Sixième mouvement (Expression/Français)

Dans la cour de récréation poussent des forêts de mains et des fleurs de visages enfantins. C'est le printemps en hiver. La télé de quartier s'y rend toutefois en y soupçonnant l'oppression, des expressions qui viennent aux enfants vivant sous la pression de l'école et la dictée de l'éducation. Et les slogans généreux des manifs, « Tout est à nous, rien n'est à eux », n'y peuvent rien. On se souvient alors du titre d'un vieux film de René Clair : À nous la liberté (1931). La cour est une prison mais les visites parentales y sont interdites, au contraire de l'hôpital où l'on se rend pour voir les malades ou du zoo où l'on regarde les animaux, pas moins épargnés que les autres par la prison.

Camille porte des lunettes, de la buée sort de sa bouche quand en sortent des mots. Pourquoi donc les enfants crient-ils dans la cour de récré ? demande Godard-Linard.
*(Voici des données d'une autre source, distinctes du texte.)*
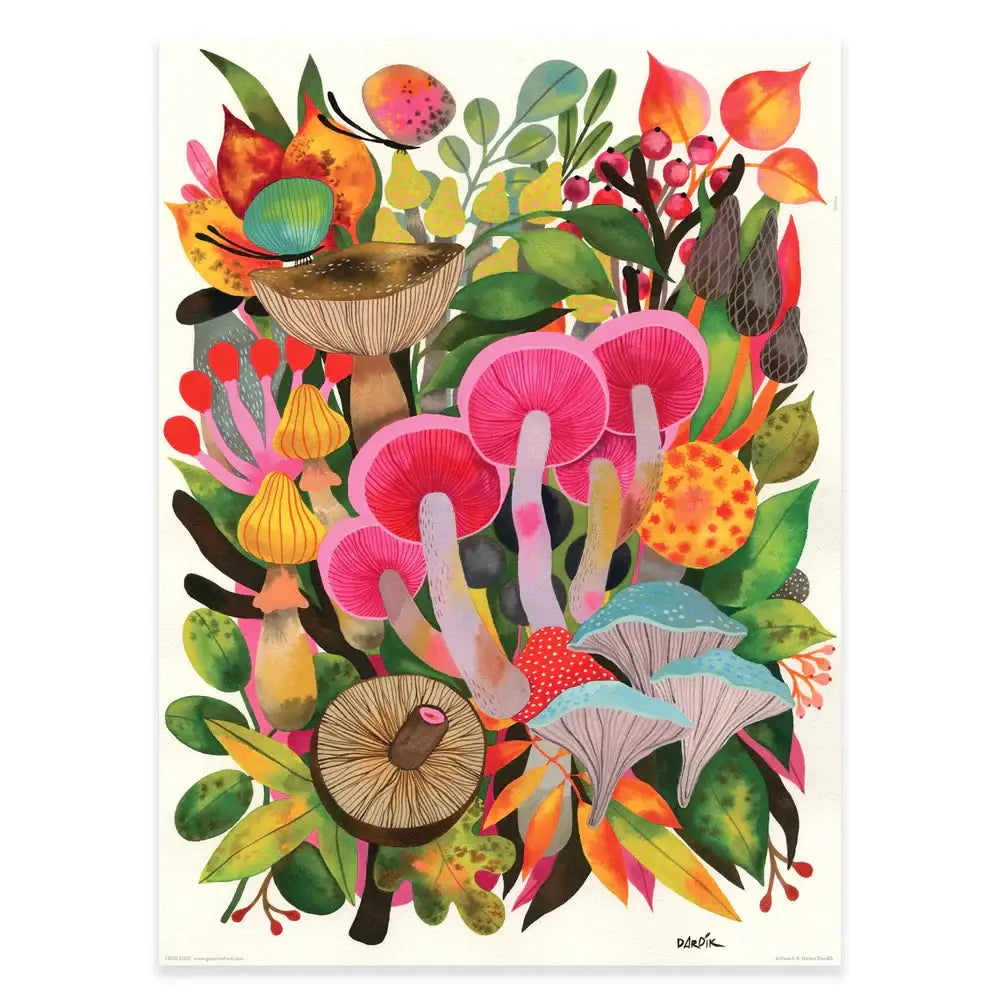 Puzzle Dardik Mushrooms 500 pc - PABOOM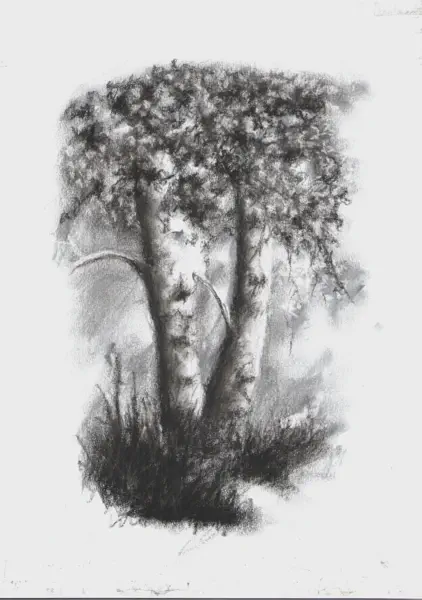 Printer paper - A4 | 17-05-2025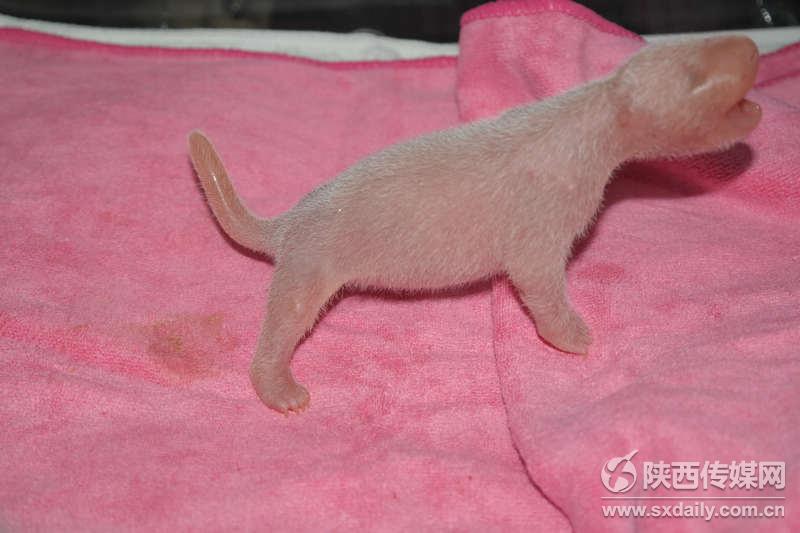 图为刚出生不久的熊猫宝宝。赵鹏鹏摄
Pendant ce temps-là, les « monstres » parlent avec d'abondants adjectifs, un homme qui décrit sa compagne et puis l'inverse dans une reprise infiniment moins lyrique de l'ouverture du Mépris (1962). Mais la tragédie est la même, le langage qui morcelle et le désir d'en voir et d'en avoir davantage – l'avoir-plus dont le philosophe Mehdi Belhaj Kacem a formalisé la théorie sous le concept de « pléonectique ».

Les journalistes voient qu'il y a non seulement du sérieux en Camille, mais également du vieux. Et si elle en dit peu, c'est de façon peut-être plus visible qu'avec Arnaud pour n'avoir pas à être emmerdée par les effets de rivalité et de jalousie entraînés par sa petite célébrité télévisuelle. Elle garde pour elle ce qu'énonce le journaliste qui lui pose des questions, ces cris d'écoliers parce que l'étude fait mal dans les corps, encore parce que l'étude est un travail seulement payé de notes.

C'est le style de Camille qui va tellement plus loin que tous les stylos de l'école. C'est le style des six nanas qui tournent en rond autour d'un terrain de football. C'est le style de Léo Ferré, dans la rudesse masculine de ses paroles et la fragilité de celui qui reconnaît sa loi dans le cul de la femme qu'il aime, avant d'ouvrir tous les paysages qui lui permettent enfin d'accéder à l'abri secret de son cœur. C'est le style d'Alexandre Soljenitsyne qui a offert à tous les communistes de voir qu'ils avaient dans le ventre et sans le savoir une île de l'archipel du Goulag. Et le style de celui qui a trouvé le rapport du chanteur et de l'écrivain pour faire voir les monstres informes de l'inconscient social.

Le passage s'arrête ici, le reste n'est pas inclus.